A queda nas pesquisas é natural. A larga vantagem de Dilma é, obviamente, inflada, posto que em nenhuma ocasião das últimas três eleições, o PT, seja com Lula ou com Dilma, conseguiu mais do que 50% dos votos válidos -- calcule então nas atuais circunstâncias --, portanto, o pleito em disputa, apesar de toda histeria a cada movimento, é apertadíssimo e só deve ter uma solução no segundo turno. A vantagem é recall, a vantagem real certamente é menor do que isso, mas nenhuma pesquisa irá calcular isso para trabalhar com a ansiedade da direção petista face às quedas e, assim, negociar uma queda à direita por parte do segundo governo Dilma ou do terceiro governo Lula. 

A genérica leitura de que "tudo depende da economia" pouco quer dizer. Para os não-proprietários sempre há crise econômica -- que pode ser maior ou menor --, para os proprietários raramente isso acontece, mas quando acontece, e só aí, é que se fala em crise.
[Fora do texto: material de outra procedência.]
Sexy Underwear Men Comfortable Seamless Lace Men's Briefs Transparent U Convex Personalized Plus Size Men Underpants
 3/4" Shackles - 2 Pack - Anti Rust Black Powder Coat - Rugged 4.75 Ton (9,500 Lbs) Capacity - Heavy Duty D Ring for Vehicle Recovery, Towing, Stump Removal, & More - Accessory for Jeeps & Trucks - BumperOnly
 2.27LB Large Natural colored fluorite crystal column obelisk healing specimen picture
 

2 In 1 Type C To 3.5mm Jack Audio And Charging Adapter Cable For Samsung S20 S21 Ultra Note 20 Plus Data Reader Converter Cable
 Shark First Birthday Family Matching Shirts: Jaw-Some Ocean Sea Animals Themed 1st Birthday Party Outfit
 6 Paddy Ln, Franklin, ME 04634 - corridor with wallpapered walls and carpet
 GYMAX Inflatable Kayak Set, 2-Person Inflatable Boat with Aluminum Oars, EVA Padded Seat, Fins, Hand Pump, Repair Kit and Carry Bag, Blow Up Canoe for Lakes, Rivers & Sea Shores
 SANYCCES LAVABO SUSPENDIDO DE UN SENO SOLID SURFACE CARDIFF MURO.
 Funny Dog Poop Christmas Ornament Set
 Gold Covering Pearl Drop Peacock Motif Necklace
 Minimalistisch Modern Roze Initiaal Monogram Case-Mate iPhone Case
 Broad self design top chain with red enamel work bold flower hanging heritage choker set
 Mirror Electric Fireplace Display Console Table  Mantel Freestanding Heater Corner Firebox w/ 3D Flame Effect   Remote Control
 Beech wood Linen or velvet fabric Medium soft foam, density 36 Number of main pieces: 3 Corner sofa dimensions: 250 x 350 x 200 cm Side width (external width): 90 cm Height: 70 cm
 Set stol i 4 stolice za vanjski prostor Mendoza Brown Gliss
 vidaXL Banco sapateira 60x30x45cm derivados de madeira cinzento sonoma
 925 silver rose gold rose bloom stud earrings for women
O fato é que a política social-democrata aqui, e em toda parte, fracassou na tentativa de distribuir renda sem modificar a forma de exercício da propriedade: até as pedrinhas da rua sabem, embora nem sempre admitam, que a inflação europeia dos anos 70 era a maneira como o capital tentava anular, na formação dos preços, os ganhos salariais conquistados pelos sindicatos. Não era nada fruto de qualquer mistério ou de alguma lei transcendente que foi violada. Mas a social-democracia, embora pudesse saber, não foi capaz de admitir ou agir em relação a isso. E compactuou, como compactua, com o desmonte do Estado de Bem-Estar Social. As cartas estão na mesa e a situação se tornou mais tensa do que, em uma situação habitual, já tornaria, com a interdição do debate nos últimos quatro anos -- e o que iria acontecer em alguns anos, precipitou. E agora cai uma tempestade.